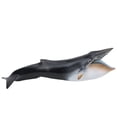 thumbnail image 2 of Juguete modelo de animal marino, modelo de simulación de animales marinos, juguete de animal marino, decoración de modelo de animal marino, instalación sin esfuerzo, 2 of 8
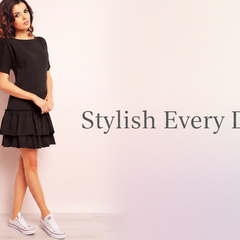 Fashion Women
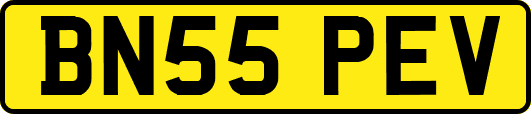 BN55PEV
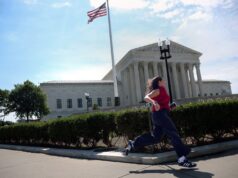 Takeaways: Supreme Court hands Trump massive wins on immigration agenda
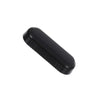 Ford Mustang Power Control Switch Button (2005-2014)
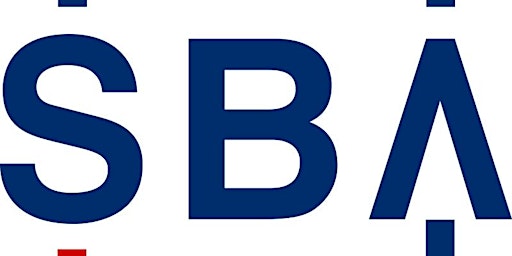 Wednesday SBA Q&A-Open Forum Question & Answer Session primary image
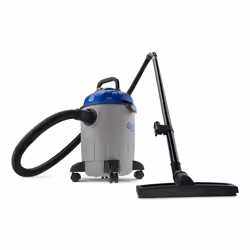 Annovi Reverberi 32 Series 3270 20 L Aspirateur sans sac Sec&humide 1200 W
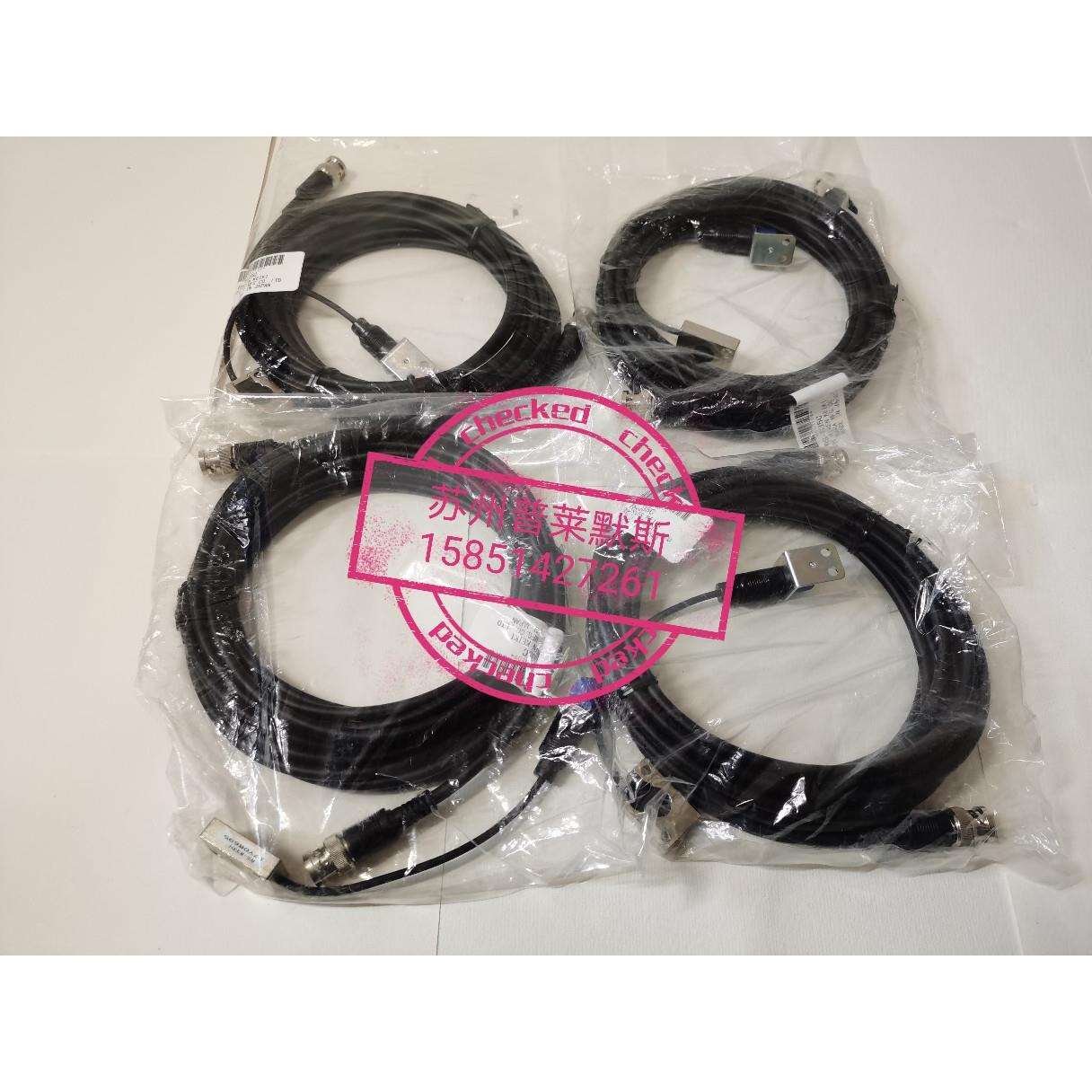 【原装现货】RIKEN KEIKI理研计器下死点感应头RS-833H RS-835C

..........

*Exercise goal*.
Could you write out the records again exactly, without any of their pictures?

*Written solution*.
 thumbnail image 2 of Juguete modelo de animal marino, modelo de simulación de animales marinos, juguete de animal marino, decoración de modelo de animal marino, instalación sin esfuerzo, 2 of 8
 Fashion Women
 BN55PEV
 Takeaways: Supreme Court hands Trump massive wins on immigration agenda
 Ford Mustang Power Control Switch Button (2005-2014)
 Wednesday SBA Q&A-Open Forum Question & Answer Session primary image
 Annovi Reverberi 32 Series 3270 20 L Aspirateur sans sac Sec&humide 1200 W
 【原装现货】RIKEN KEIKI理研计器下死点感应头RS-833H RS-835C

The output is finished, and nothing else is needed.